July 1, 2015 - Labor and Employment News: New Overtime Regulations Proposed by the Department of Labor
Department of Labor Proposes to Increase Salary Level for Exempt Employees
The Obama Administration announced new rules that are likely to both greatly increase the number of employees who are eligible for overtime pay and greatly reduce the number of lawsuits alleging violations of overtime law. If the proposed regulations go into effect as expected in January, 2016, only employees who earn a salary of around $50,000 per year will be eligible for one of the “white collar” overtime exemptions
Since the 1930s, the federal Fair Labor Standards Act (FLSA) has required that employers pay most employees one and one half times the employee’s regular hourly rate for each hour worked in excess of 40 hours in a work week. An employer need not pay this overtime premium if it can show that the employee falls within one of the FLSA’s exemptions from overtime. The most common exemptions are so-called “white collar” exemptions for Executive, Administrative, and Professional employees.

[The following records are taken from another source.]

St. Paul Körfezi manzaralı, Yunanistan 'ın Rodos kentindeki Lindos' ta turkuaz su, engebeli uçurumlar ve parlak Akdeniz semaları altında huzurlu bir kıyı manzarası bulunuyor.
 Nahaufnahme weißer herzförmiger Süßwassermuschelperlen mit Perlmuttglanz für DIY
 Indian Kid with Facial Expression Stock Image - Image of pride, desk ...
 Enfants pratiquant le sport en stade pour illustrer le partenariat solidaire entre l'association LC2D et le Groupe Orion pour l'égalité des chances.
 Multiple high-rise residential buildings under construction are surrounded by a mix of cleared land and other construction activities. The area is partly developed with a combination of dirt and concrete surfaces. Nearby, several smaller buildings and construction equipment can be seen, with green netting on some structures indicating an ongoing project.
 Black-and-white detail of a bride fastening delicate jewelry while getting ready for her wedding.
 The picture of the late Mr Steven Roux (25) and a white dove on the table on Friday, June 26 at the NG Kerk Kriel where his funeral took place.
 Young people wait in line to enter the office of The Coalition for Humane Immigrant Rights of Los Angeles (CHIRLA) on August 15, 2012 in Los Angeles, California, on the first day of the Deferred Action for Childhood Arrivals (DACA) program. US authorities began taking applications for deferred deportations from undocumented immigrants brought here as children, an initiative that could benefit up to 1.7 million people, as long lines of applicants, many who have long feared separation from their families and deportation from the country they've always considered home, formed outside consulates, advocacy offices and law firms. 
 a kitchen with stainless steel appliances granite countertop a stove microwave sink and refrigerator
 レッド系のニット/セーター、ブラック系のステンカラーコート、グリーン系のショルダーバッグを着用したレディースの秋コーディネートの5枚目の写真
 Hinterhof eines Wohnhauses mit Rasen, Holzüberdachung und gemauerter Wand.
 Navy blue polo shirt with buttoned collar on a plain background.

In order to fit within one of these exemptions, an employee must perform certain duties that relate to each category (the “duties test”) and must also be paid a minimum salary (the “salary test”). Litigation over misclassification of employees for purposes of paying overtime has skyrocketed in the last decade, with most of the issues being over whether the employee meets the relevant duties test. That litigation is likely to be greatly reduced in the next decade, not because the duties tests are going to be changed – they likely will not be – but because the minimum salary level will be more than doubled.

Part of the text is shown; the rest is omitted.